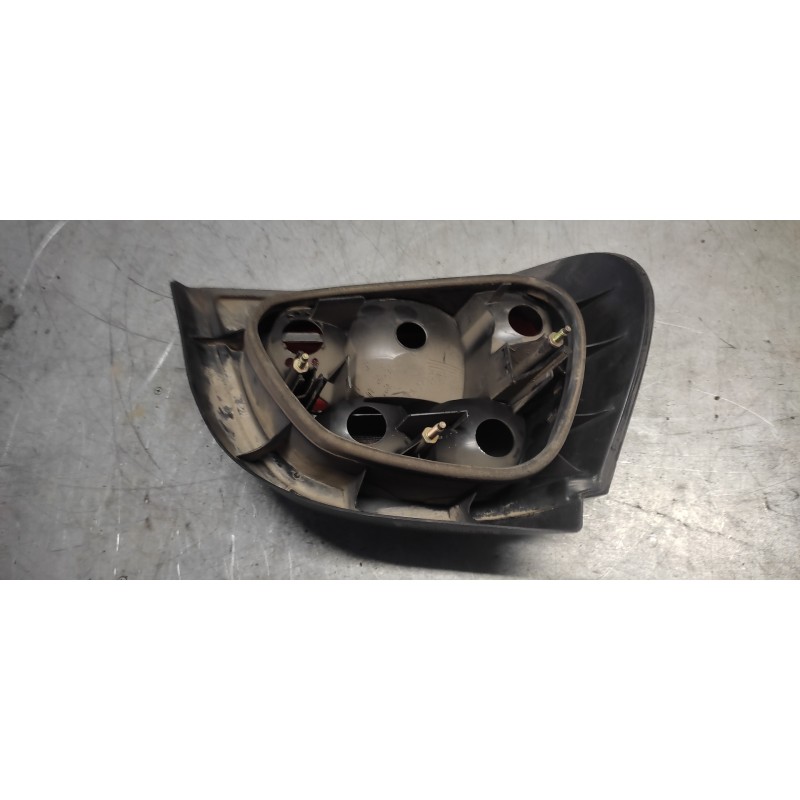 Recambio de piloto trasero derecho para renault megane i fase 2 berlina (ba0) 1.9 dci authentique referencia OEM IAM 2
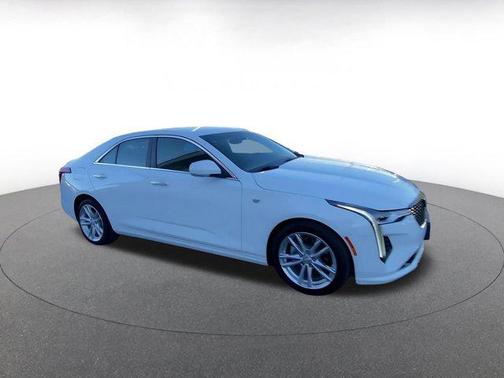 2024 Cadillac CT4 Luxury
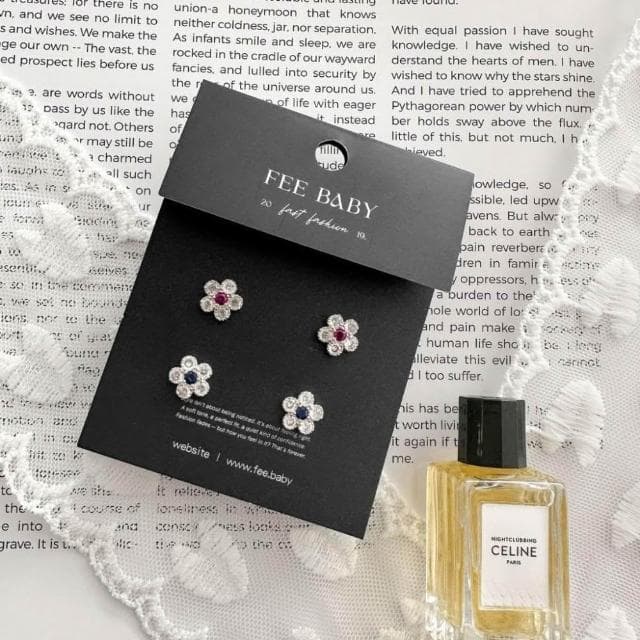 【FEE BABY】【Fee現貨2色新品】925純銀粉藍碎鑽小花金屬耳釘🔥耳針 耳環 配飾 珍珠光 耳飾 復古輕奢 女生飾品 韓系耳環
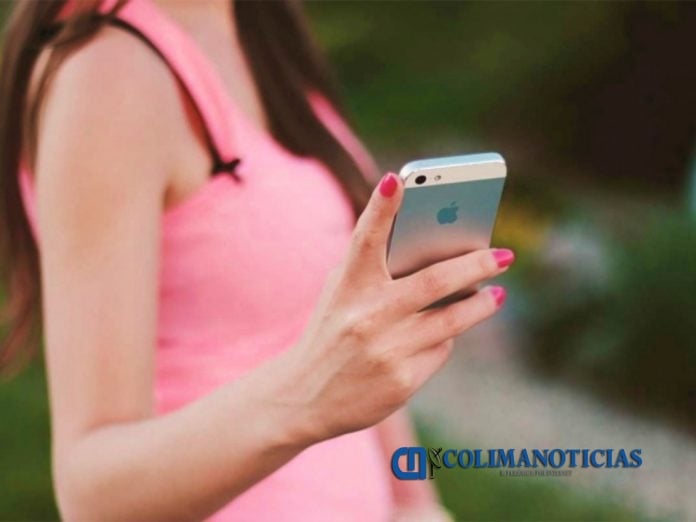 mujer con celular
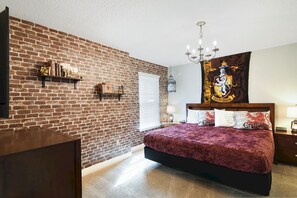 6 bedrooms, iron/ironing board, WiFi, bed sheets - Last Minute Disney! Private Pool, Hot Tub, Game Room & Themed Bedrooms. Book Now! #115917 (Orlando)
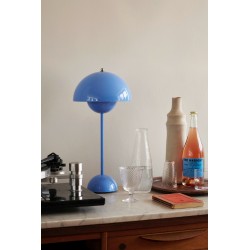 &Tradition – FlowerPot VP3 table lamp, swim blue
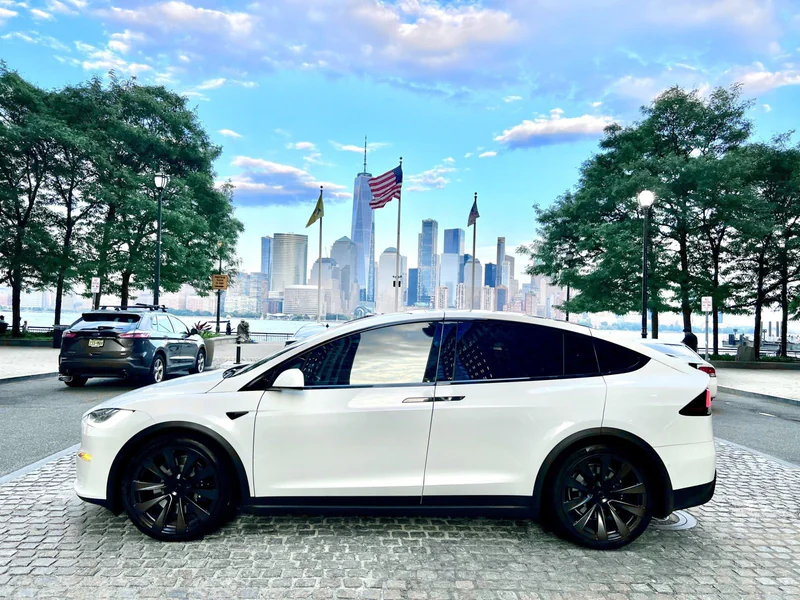 2022 Tesla Model X Plaid 10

************

ACTIVITY
Please return only the lines running from the line with "2024 Cadillac CT4 Luxury" to the final line of the data, both included, exactly and without any pictures.

FINAL ANSWER
 2024 Cadillac CT4 Luxury
 【FEE BABY】【Fee現貨2色新品】925純銀粉藍碎鑽小花金屬耳釘🔥耳針 耳環 配飾 珍珠光 耳飾 復古輕奢 女生飾品 韓系耳環
 mujer con celular
 6 bedrooms, iron/ironing board, WiFi, bed sheets - Last Minute Disney! Private Pool, Hot Tub, Game Room & Themed Bedrooms. Book Now! #115917 (Orlando)
 &Tradition – FlowerPot VP3 table lamp, swim blue
 2022 Tesla Model X Plaid 10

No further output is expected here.